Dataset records
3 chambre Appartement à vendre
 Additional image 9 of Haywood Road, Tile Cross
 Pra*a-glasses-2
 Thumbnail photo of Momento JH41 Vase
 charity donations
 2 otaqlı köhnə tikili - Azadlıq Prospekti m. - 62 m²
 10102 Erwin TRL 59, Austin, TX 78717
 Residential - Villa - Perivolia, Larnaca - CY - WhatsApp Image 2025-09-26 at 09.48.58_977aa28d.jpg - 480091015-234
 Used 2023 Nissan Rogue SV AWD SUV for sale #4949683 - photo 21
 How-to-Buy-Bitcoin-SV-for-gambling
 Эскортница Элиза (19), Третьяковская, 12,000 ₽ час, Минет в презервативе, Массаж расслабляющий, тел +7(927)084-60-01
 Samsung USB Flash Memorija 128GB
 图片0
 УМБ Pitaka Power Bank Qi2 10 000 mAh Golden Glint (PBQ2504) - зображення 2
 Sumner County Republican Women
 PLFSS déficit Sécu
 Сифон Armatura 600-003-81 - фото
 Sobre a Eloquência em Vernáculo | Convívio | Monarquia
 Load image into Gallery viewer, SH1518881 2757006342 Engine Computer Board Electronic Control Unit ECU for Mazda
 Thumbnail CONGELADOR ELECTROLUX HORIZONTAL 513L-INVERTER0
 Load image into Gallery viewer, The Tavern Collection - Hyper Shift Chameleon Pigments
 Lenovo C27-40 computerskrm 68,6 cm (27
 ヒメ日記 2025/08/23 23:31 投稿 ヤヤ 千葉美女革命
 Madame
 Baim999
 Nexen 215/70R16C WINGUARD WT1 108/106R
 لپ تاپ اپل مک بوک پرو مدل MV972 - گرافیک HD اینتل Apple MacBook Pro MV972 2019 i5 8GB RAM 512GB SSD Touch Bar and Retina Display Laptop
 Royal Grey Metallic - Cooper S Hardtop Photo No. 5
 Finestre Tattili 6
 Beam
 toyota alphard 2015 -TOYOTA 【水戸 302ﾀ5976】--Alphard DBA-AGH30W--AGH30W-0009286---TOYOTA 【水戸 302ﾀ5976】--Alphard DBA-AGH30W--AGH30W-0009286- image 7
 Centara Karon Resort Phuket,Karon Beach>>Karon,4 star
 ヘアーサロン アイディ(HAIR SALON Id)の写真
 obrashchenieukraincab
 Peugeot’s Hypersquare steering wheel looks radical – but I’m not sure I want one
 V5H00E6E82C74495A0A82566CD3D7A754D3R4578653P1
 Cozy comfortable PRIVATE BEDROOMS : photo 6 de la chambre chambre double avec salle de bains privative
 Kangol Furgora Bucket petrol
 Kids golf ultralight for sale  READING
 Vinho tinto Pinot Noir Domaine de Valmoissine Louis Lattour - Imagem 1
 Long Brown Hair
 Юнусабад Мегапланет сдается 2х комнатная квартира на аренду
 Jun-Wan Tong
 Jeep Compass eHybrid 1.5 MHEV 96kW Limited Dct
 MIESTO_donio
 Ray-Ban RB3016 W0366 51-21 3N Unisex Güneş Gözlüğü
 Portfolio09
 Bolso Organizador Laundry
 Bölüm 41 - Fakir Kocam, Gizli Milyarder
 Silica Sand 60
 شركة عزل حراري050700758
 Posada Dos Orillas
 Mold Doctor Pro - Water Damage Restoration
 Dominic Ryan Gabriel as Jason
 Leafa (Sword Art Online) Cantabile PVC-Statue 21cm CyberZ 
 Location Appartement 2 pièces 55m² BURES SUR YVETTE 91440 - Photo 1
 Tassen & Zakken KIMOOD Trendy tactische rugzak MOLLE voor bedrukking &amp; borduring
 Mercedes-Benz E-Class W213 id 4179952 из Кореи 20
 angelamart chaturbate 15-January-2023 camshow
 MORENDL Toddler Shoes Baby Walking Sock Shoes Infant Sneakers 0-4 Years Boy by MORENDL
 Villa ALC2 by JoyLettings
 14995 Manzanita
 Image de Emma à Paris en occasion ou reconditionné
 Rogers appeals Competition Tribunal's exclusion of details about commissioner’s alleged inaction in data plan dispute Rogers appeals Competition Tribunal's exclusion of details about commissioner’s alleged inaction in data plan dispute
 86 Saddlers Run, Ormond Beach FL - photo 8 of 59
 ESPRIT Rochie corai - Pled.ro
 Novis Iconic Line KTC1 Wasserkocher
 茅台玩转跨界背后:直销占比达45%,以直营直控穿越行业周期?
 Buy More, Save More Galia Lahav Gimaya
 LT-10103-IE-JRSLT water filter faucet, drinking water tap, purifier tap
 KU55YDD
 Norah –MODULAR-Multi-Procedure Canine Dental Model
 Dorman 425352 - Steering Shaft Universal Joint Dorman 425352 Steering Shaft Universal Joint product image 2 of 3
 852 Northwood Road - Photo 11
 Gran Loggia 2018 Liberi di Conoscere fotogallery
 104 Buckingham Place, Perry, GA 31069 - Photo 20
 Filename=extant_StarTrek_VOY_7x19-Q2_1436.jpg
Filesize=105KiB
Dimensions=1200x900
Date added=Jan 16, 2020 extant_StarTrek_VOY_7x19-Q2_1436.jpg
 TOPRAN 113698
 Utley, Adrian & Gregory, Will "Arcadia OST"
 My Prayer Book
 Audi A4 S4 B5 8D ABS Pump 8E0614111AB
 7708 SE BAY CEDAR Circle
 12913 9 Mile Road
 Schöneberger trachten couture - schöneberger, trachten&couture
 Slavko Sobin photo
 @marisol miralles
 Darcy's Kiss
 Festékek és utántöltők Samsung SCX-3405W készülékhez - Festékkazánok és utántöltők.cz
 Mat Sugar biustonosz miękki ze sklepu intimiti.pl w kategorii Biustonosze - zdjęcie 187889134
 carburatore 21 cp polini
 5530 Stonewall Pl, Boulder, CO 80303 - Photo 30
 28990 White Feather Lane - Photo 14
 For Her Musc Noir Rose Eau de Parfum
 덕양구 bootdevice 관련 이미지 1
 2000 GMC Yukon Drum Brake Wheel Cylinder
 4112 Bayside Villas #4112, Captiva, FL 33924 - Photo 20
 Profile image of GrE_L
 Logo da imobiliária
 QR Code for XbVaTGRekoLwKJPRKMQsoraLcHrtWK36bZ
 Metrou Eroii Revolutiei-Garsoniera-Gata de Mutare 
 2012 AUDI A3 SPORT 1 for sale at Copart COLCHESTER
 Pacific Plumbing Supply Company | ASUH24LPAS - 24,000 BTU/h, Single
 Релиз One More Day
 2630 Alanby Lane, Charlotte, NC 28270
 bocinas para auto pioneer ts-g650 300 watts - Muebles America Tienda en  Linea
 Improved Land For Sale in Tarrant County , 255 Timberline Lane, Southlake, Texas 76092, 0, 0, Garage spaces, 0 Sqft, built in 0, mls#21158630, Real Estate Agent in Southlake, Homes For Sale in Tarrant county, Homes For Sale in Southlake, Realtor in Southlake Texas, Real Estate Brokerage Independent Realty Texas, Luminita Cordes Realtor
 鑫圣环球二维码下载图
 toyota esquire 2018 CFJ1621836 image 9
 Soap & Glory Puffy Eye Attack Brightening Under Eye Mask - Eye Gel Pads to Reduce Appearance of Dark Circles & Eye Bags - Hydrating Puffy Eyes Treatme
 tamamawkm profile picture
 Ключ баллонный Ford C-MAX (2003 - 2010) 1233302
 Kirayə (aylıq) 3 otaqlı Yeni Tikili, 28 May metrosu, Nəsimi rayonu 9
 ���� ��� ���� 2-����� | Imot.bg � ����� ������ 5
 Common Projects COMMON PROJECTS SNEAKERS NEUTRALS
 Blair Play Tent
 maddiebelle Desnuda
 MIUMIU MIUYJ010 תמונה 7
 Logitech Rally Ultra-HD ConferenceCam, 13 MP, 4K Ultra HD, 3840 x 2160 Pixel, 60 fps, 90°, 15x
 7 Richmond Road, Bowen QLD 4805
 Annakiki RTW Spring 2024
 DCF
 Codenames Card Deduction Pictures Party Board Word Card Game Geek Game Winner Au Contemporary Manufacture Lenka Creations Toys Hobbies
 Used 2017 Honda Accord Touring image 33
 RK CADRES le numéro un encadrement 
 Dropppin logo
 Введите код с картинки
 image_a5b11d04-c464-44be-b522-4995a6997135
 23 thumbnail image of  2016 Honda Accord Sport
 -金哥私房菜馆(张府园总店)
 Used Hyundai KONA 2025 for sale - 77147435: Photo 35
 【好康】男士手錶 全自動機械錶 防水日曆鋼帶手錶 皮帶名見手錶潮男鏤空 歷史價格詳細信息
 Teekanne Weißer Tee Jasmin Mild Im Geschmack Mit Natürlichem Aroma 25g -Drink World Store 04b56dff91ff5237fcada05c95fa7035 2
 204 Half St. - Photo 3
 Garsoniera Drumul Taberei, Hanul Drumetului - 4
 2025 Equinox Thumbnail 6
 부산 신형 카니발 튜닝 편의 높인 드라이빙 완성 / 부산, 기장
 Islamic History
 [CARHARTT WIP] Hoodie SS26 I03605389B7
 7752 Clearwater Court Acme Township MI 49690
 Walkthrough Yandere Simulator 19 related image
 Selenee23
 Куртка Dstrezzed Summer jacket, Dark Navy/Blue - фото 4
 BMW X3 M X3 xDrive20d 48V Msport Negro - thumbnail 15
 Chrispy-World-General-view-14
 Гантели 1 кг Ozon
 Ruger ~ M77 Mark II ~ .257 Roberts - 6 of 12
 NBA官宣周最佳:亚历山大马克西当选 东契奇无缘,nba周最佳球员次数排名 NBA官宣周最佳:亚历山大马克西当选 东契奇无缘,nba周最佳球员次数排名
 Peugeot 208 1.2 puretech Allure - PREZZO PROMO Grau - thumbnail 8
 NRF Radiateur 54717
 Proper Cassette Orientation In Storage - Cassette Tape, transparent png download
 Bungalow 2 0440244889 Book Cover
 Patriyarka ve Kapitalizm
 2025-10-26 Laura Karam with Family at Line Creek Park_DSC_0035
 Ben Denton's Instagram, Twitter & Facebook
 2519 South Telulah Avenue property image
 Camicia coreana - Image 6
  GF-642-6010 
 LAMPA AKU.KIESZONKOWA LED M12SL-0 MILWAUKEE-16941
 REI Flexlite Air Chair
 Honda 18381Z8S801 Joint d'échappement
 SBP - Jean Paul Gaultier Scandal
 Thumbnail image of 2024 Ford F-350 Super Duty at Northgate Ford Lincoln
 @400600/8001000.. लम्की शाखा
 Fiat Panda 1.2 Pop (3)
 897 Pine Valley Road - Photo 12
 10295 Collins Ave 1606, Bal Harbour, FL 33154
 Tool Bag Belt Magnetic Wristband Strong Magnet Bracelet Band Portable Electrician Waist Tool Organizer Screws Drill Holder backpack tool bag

### REQUIREMENT
Retype the records above from the very first line down to the line with "Эскортница Элиза (19), Третьяковская, 12,000", keeping both of those lines. Include nothing beyond them.

### ANSWER
3 chambre Appartement à vendre
 Additional image 9 of Haywood Road, Tile Cross
 Pra*a-glasses-2
 Thumbnail photo of Momento JH41 Vase
 charity donations
 2 otaqlı köhnə tikili - Azadlıq Prospekti m. - 62 m²
 10102 Erwin TRL 59, Austin, TX 78717
 Residential - Villa - Perivolia, Larnaca - CY - WhatsApp Image 2025-09-26 at 09.48.58_977aa28d.jpg - 480091015-234
 Used 2023 Nissan Rogue SV AWD SUV for sale #4949683 - photo 21
 How-to-Buy-Bitcoin-SV-for-gambling
 Эскортница Элиза (19), Третьяковская, 12,000 ₽ час, Минет в презервативе, Массаж расслабляющий, тел +7(927)084-60-01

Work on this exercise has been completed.